HÀ LIMITE PARA O PERDÃO?

 

Primeira leitura (Eclo 27,33-28,9)

Todos os homens se sentem vítimas de alguma injustiça e instintivamente têm a tendência de reagir de forma agressiva contra os responsáveis. Daqui nascem a ira, o rancor, a vingança, o ódio. O problema que se apresenta é o seguinte: ao darmos livre vazão a estes sentimentos, repara-se a injustiça ou agrava-se o mal?

Ao longo da história os homens deram várias respostas a estas perguntas.

No passado o método para compensar as injustiças recebidas e para desencorajar alguém de praticar outras era muito rápido e radical; praticava-se a vingança com a maior violência possível: pagava-se o mal com excesso.

Um exemplo famoso desta vingança sem limites é o de Lamec, o filho de Caim que ia repetindo: “Eu mato a quem me arranhou! Mato uma criança que me pisa no pé! Caim será vingado sete vezes, Lamec setenta   vezes sete!”(Gn 4,23-24).
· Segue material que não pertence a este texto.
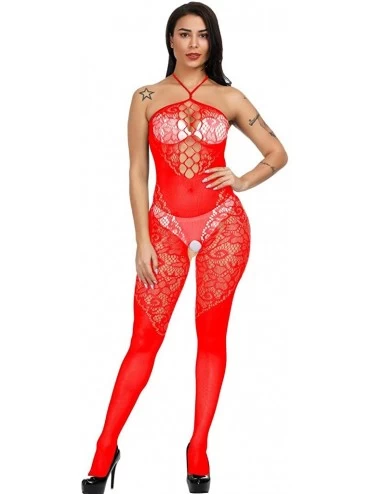 Bustiers & Corsets Teddy Lingerie for Women Babydoll Lace Features V-Neck Halter for Nightwear - Red - C018RL74NL7 $8.53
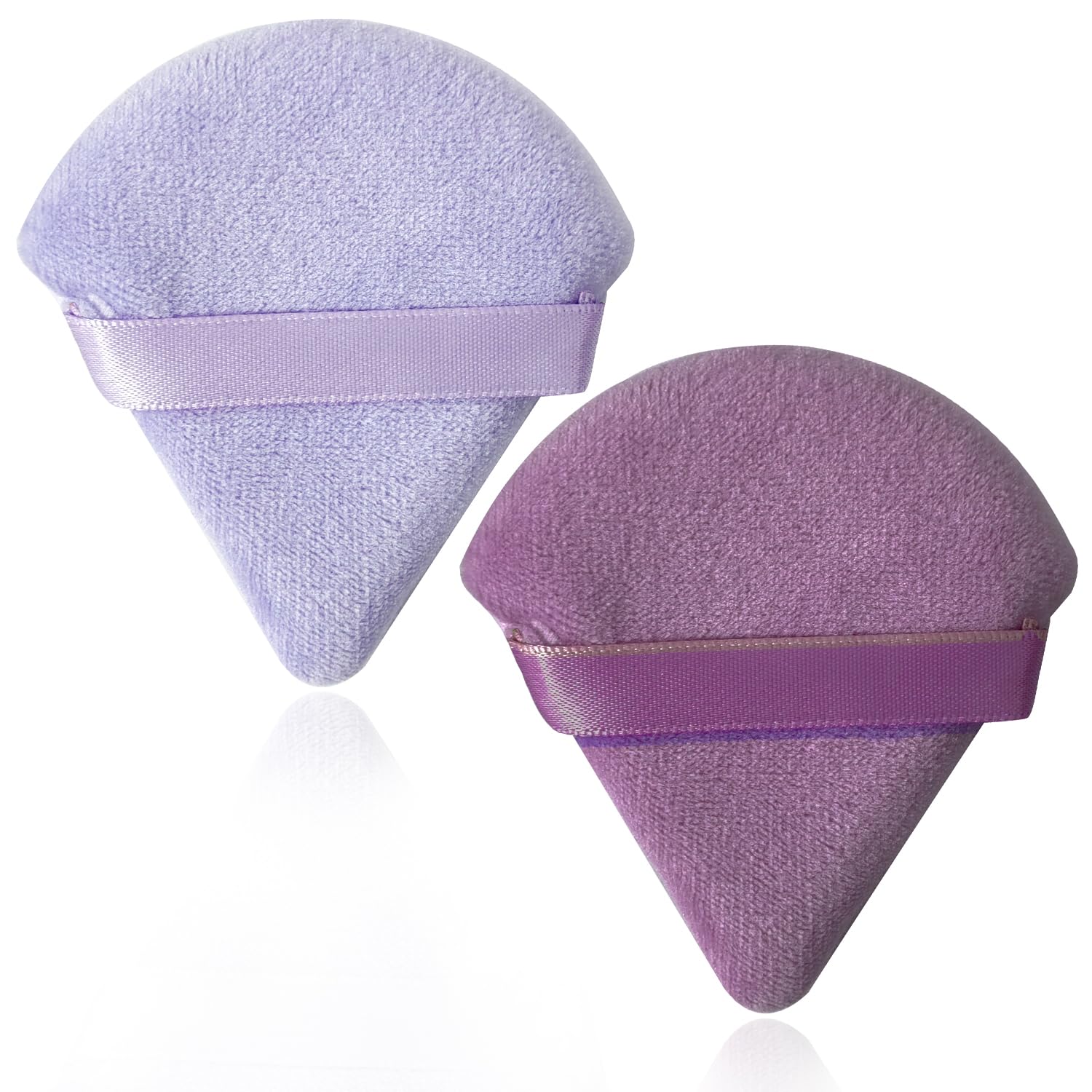 2 esponjas triangulares para polvos, esponjas para polvos de terciopelo, esponjas para maquillaje con correa, esponjas para polvos compactos debajo del maquillaje de ojos (púrpura)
Um grande progresso com relação a esta forma brutal de comportamento é a famosa lei “olho por olho, dente por dente, ferida por ferida” (Ex 21,24), importada do código de Hamurabi, que é erroneamente interpretada como incitação à vingança.

Já o Antigo Testamento dá mais um passo adiante: ensina que é necessário ir além da simples justiça e abrir o coração a sentimentos de misericórdia. O perdão das ofensas é uma condição indispensável para poder rezar e obter o perdão de Deus: “Se alguém conservar rancor no seu coração contra outro homem, como se animará a pedir graças a Deus?” (Eclo28,3). A mesma lógica se encontra no Pai Nosso: “perdoai-nos assim como nós perdoamos...”

 

Segunda leitura (Rm 14,7-9)

No capítulo 14 da Carta aos Romanos, Paulo enfrente um problema que sempre é atual: como resolver as divergências entre os membros da comunidade cristã.

Havia em Roma dois grupos de cristãos: alguns que Paulo chama de  “fracos”, eram conservadores, apegados às tradições dos antigos, observavam os dias de jejum, praticavam mortificações, abstinham-se de alguns tipos de carne, apegados a ritos e devoções: e de outro lado, os “fortes” que achavam que religião é praticar a solidariedade, a compaixão e a ajuda aos pobres, o resto não tem valor perante Deus.

Por causa destes contrastes entre “conservadores” e “progressistas”, havia várias tensões na comunidade. Os primeiros diziam que os outros eram relaxados, permissivos, e pouco virtuosos. Já os “fortes” diziam que os primeiros eram antiquados, retardados mentais, que ainda não haviam entendido nada do evangelho.

Para resolver o problema, Paulo, que pertence ao grupo dos  “fortes”, pede tolerância e respeito de uns para com os outros, pois que cada um tem o direito de viver a sua fé de modo próprio, sempre no respeito à lei fundamental: “amar o próximo como a si mesmo” (Rm 13,9: Gl 5,14), lembrando que “amar” na Bíblia significa sempre fazer algo de concreto. Quem não entendeu isto ainda não está evangelizado.

 

Evangelho (Mt 18,21-35)

Já vimos na primeira leitura que houve na convivência humana uma passagem da vingança sem limites para o perdão. Mas os líderes religiosos em Israel restringiam a obrigação do perdão aos membros do povo de Israel e não era ilimitada.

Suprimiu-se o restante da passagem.